Source data:
BEGIN

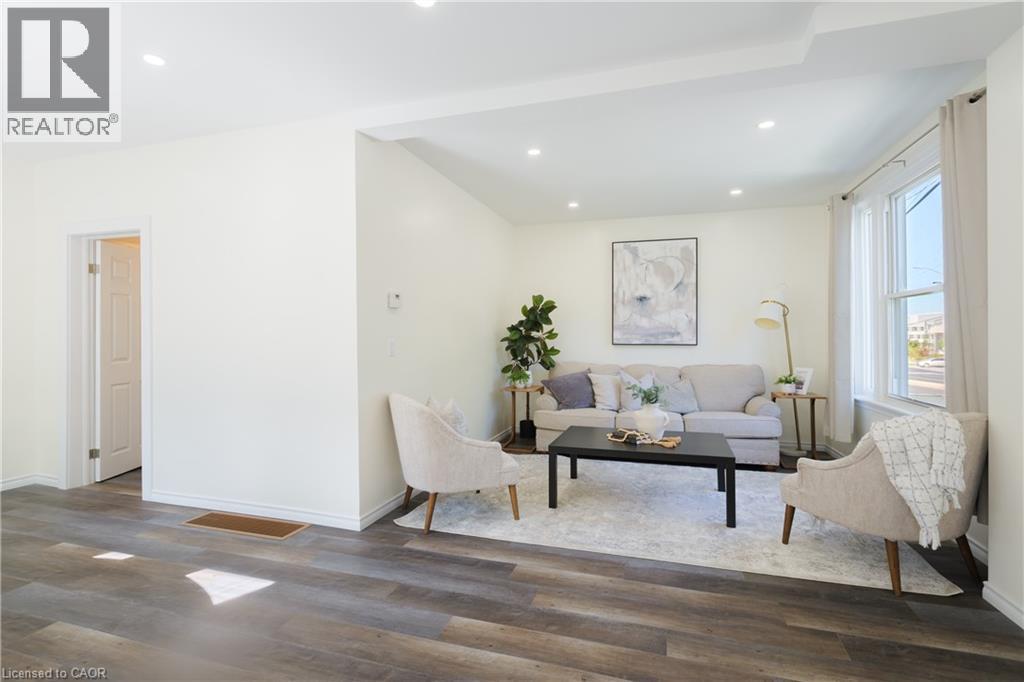 95 Fennell Avenue W, Hamilton, ON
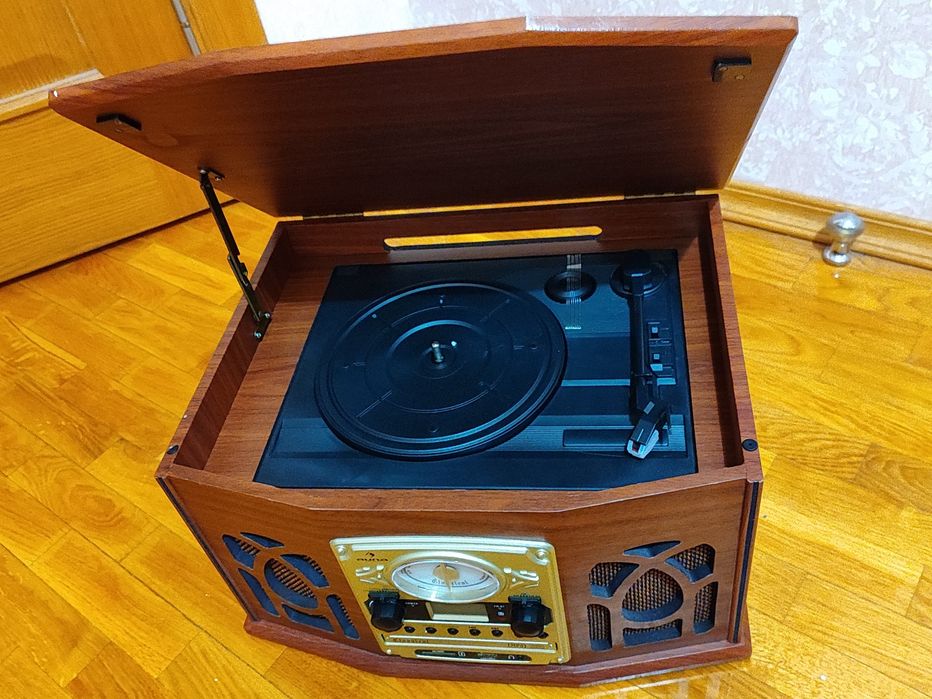 Програвач (новий) Auna-620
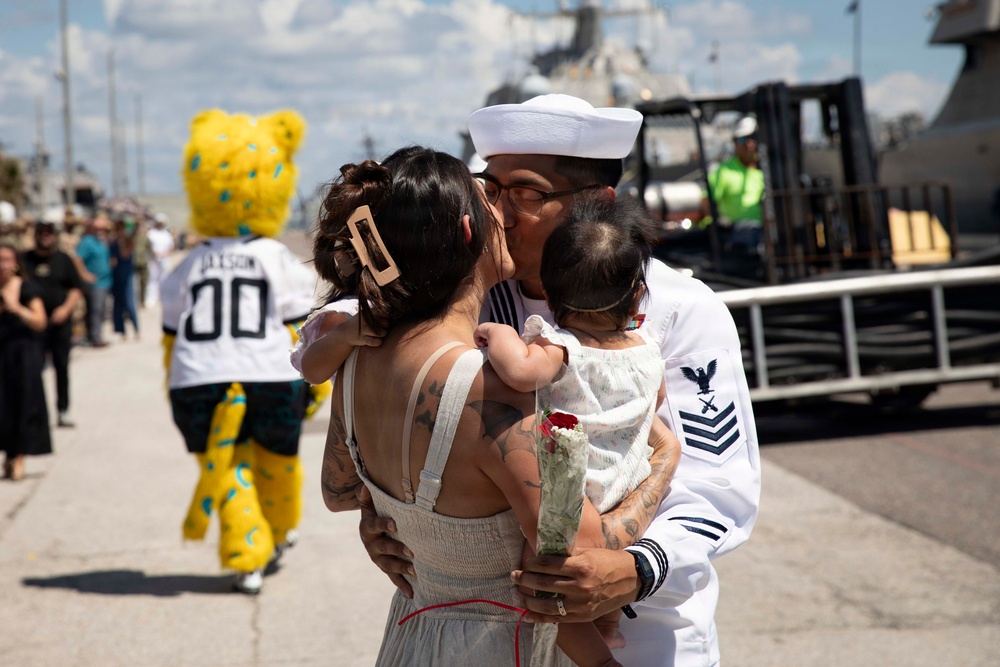 USS Cleveland Arrives at Naval Station Mayport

END

Return the full listing above exactly as written, and omit the pictures.

Written response:
 95 Fennell Avenue W, Hamilton, ON
 Програвач (новий) Auna-620
 USS Cleveland Arrives at Naval Station Mayport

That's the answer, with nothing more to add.